Veteran reader David Sigeti wonders if I'd like to comment on this article, in which former US ambassador to Israel Daniel Kurtzer writes about the illegality of the West Bank settlements. Kurtzer's thesis is that much of the settlement activity is illegal - and has been throughout - even by the standards of Israel's legal system.
It's an interesting read, mostly for the quick and truncated glimpse it gives us behind the scenes of the American-Israeli relationship; on one level, the American ambassador has routine access to top-level Israeli officials to a degree unmatched by most regular Israeli citizens. (There's also an amusing anecdote, when Kurtzer and some Israelis are trying to agree on where the settlements end, and Kurtzer has relevant secret American intelligence data he's not able to share with the Israelis: because it came from satellites? From Palestinian farmers? From American moles in Israel's officialdom? He doesn't say, alas).

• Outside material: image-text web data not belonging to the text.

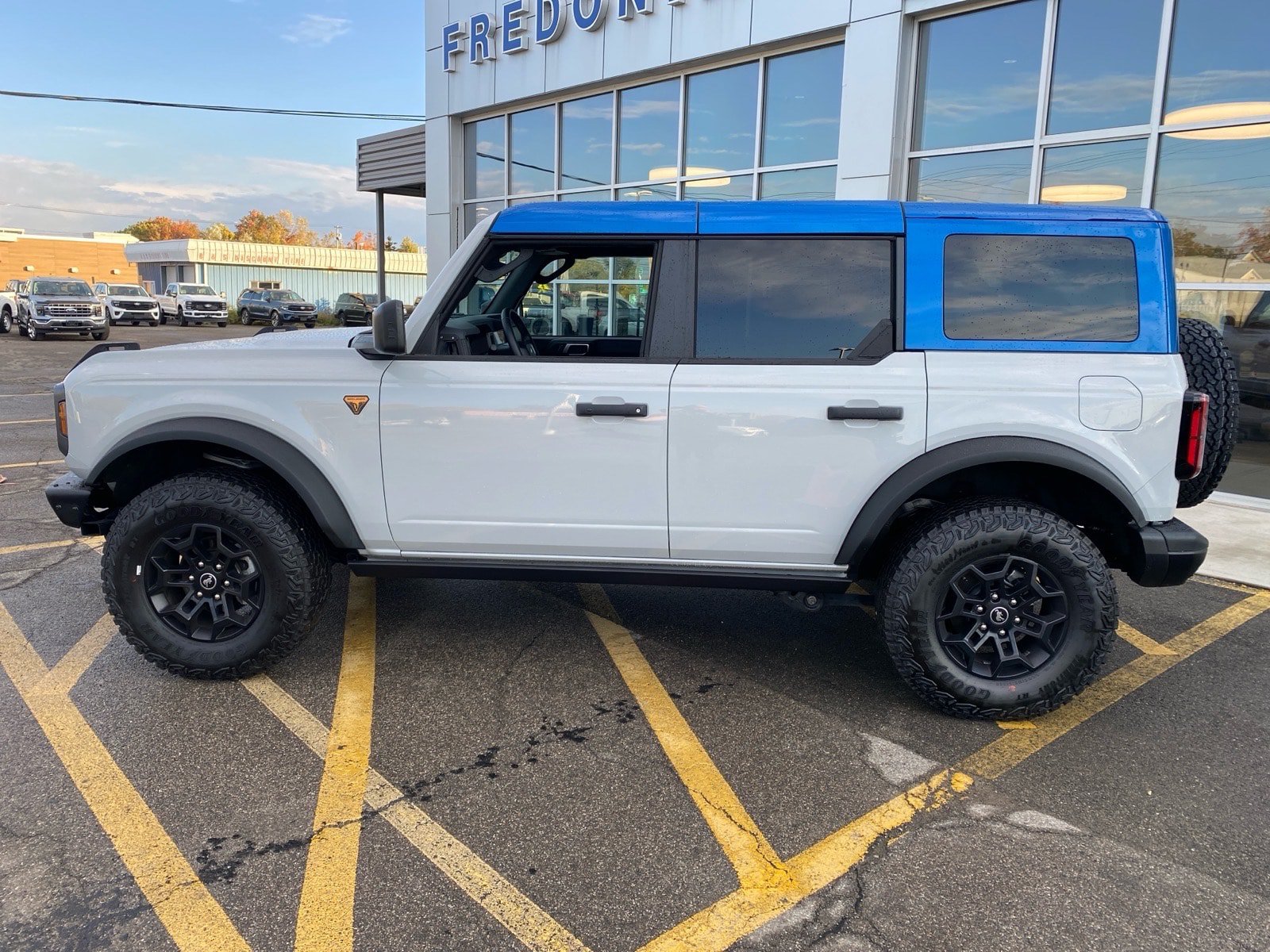 Used 2026 Ford Bronco Badlands AWD/4WD image 3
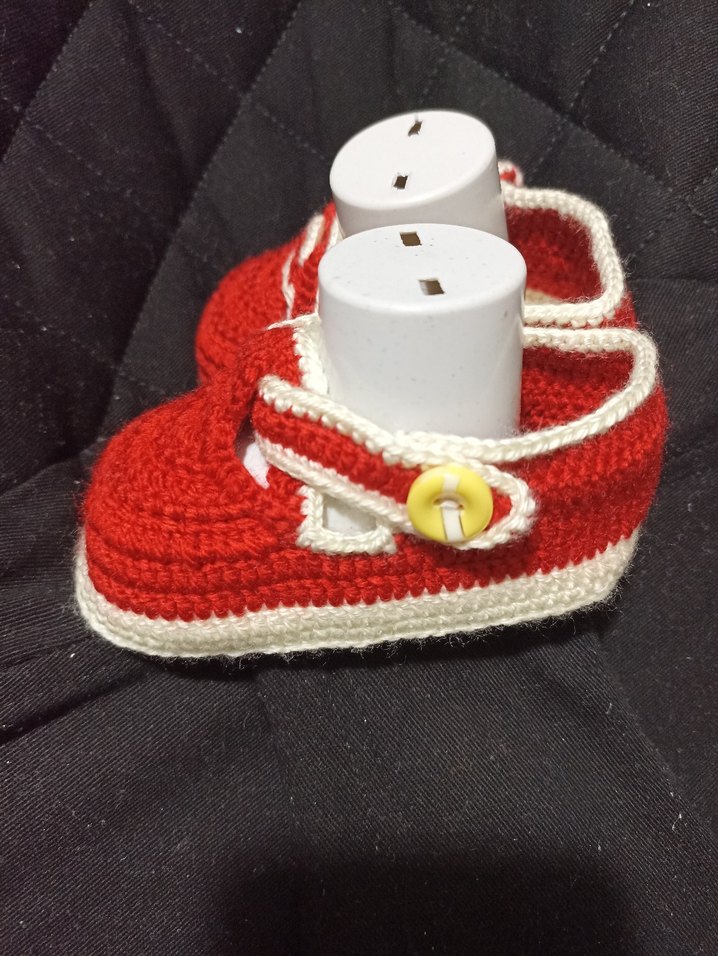 Kız Çocuk Kırmızı Örgü Bot - Görsel 3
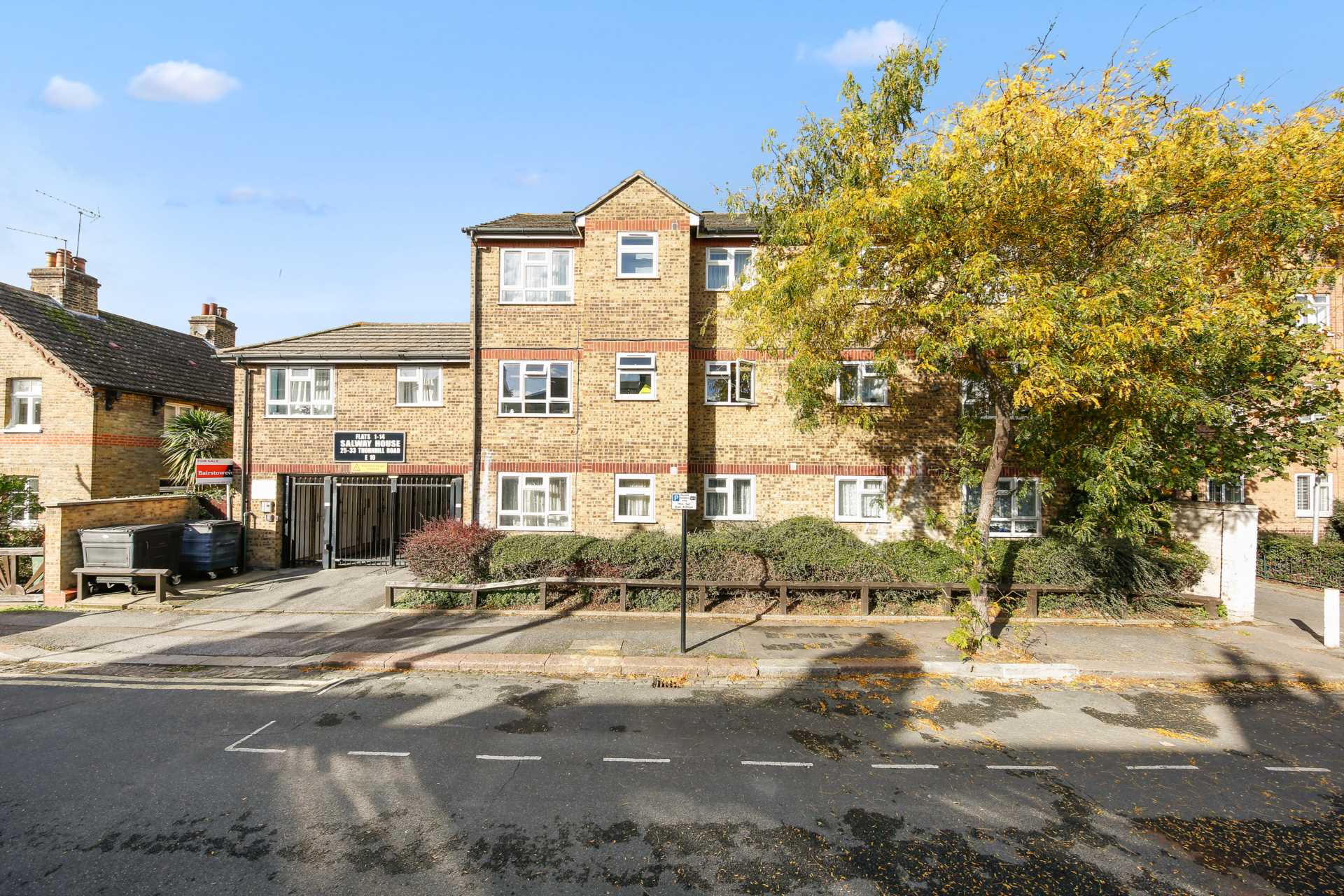 Additional Property Image 1 bedroom Flat for sale in London 15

The most interesting thing I come away from the article with is how fiendishly complex the matter really is, with almost no ability to reach agreements about the simplest facts of almost any part of the story. What is the legal case? Who owns which land? How does anyone know? When is a legal document "right", if at all, ever? If an attorney states a legal position, how do you decide if it's law, or politics, or both, or neither?

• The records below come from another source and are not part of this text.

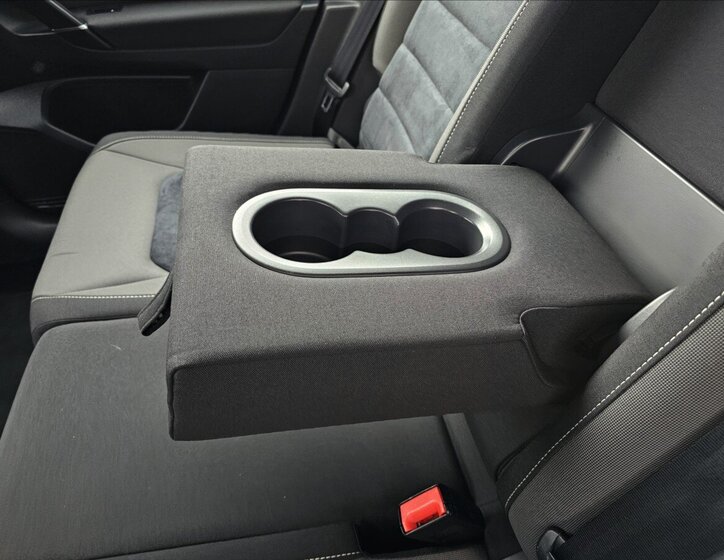 Volkswagen Golf Sportsvan 25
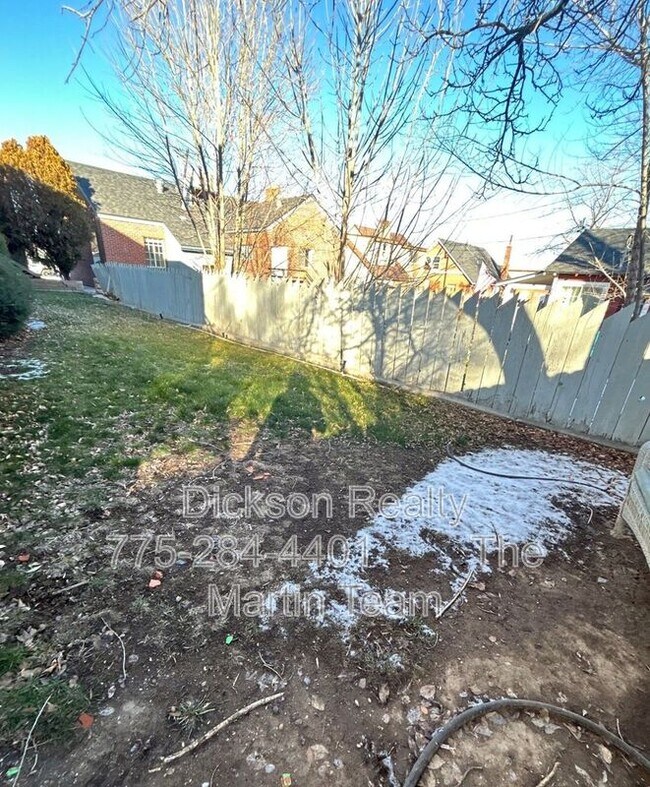 Foto del edificio - 218 Mt Rose St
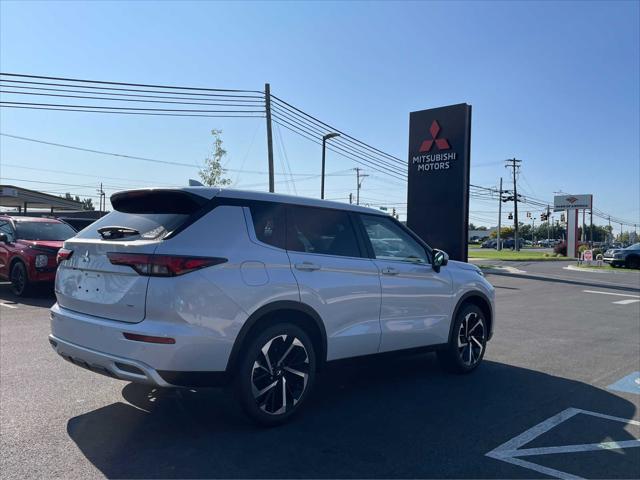 new 2024 Mitsubishi Outlander car, priced at $36,895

For a number of years I've been idly telling myself that once Israel leaves the West Bank, I'd like to write a book about the settlement project and Israeli society. The book can't be a book of history until after the story is over, of course, which is one reason I never started working on it; Kurtzer's article indicates that long before writing about the project and Israeli society, it will first be necessary to figure out what the project was. The simple facts. Because something like 90% of what people think they know to be facts, are actually little more than ideologically-driven hearsay.

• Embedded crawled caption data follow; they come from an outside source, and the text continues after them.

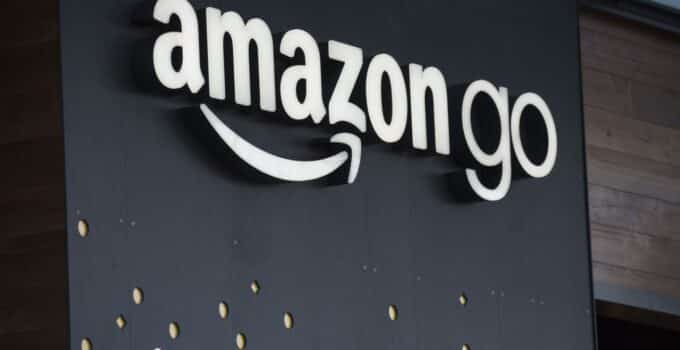 Business Maverick: Amazon’s Biggest Drop Since 2014 Caps Miserable Month for Tech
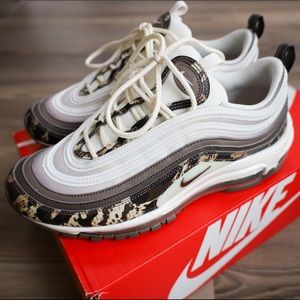 AUTHENTIC NIKE AIR MAX 97 - Women’s sz 8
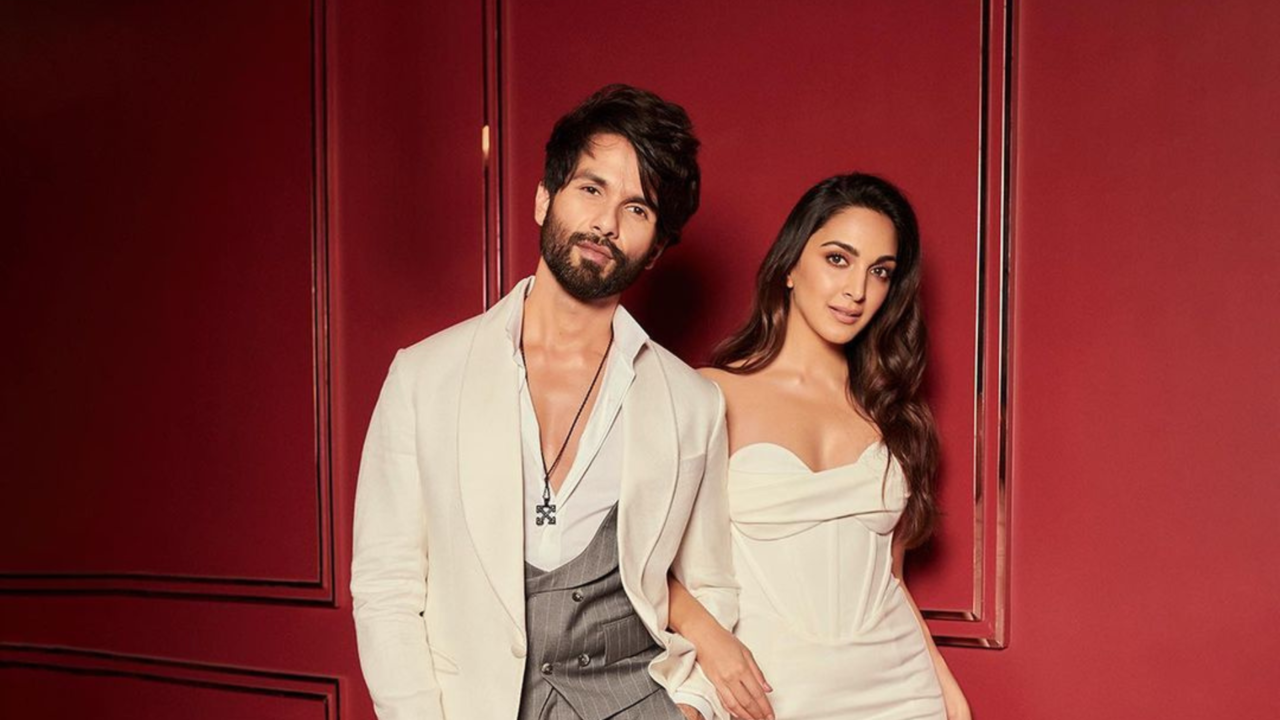 Shahid Kapoor Styles His Classic Gray Stripe Suit With A White Blazer Only  To Twin With Kiara Advani On KWK 7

Take the fundamental question: who owns the land. I don't know the answer, which in any case would differ according to whichever plot of it you're standing on. I do know, however, that contrary to everything the media ever tells you, most of the West Bank is barren hill-sides or dessert, and has been forever. It's not fertile farmland, not olive groves nor vineyards, and certainly not towns and villages. Thorny hillsides, dry and dusty ravines. Before you determine who owns pieces of it, you're going to have to figure out how they may have come to claim that ownership.
Back to Kurtzer's thesis, however: I expect he's roughly right. Much of the settlement project happened in murky gray zones on the edge of legality, some of it on the outside parts of it. This is not the reason the settlements need eventually to be disbanded, most of them: that's a matter of politics. As regular readers will recognize, I'm of the opinion that in matters of international relations politics, power relations and national interests generally trump legality. When they don't, it's often because the power brokers managed to have the law written to fit their purposes. Sorry if that makes me sound like a cynic.